> _Problem to work on_
Stop after the line containing "Image no. 1": print each line exactly from the first line of the listing up to that point.

> _Given information_
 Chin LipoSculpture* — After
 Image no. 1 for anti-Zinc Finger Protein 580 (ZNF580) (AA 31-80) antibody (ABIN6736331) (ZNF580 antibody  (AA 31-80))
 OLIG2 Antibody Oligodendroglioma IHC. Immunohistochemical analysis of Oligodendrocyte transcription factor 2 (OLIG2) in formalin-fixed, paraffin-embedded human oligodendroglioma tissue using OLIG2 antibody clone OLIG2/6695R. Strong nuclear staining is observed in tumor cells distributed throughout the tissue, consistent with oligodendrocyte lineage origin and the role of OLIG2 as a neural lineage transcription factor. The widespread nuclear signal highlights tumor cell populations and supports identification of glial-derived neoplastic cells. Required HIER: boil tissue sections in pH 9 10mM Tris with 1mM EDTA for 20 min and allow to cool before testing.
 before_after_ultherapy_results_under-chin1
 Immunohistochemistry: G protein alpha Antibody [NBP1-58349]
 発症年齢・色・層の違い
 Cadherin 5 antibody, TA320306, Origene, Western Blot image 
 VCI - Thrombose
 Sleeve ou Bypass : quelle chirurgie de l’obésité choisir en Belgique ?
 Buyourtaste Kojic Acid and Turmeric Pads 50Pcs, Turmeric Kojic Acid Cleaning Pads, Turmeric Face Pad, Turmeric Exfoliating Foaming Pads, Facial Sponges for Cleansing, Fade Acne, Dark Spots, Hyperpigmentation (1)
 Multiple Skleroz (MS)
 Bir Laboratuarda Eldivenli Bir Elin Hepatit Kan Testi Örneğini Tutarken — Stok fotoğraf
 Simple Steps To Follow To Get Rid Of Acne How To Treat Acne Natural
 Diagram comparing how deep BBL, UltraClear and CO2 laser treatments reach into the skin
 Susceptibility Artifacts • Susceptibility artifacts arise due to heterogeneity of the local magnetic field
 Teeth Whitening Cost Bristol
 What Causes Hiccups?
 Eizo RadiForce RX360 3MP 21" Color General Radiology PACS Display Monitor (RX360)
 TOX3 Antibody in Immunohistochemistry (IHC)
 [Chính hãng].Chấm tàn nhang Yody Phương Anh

> _Task result_
 Chin LipoSculpture* — After
 Image no. 1 for anti-Zinc Finger Protein 580 (ZNF580) (AA 31-80) antibody (ABIN6736331) (ZNF580 antibody  (AA 31-80))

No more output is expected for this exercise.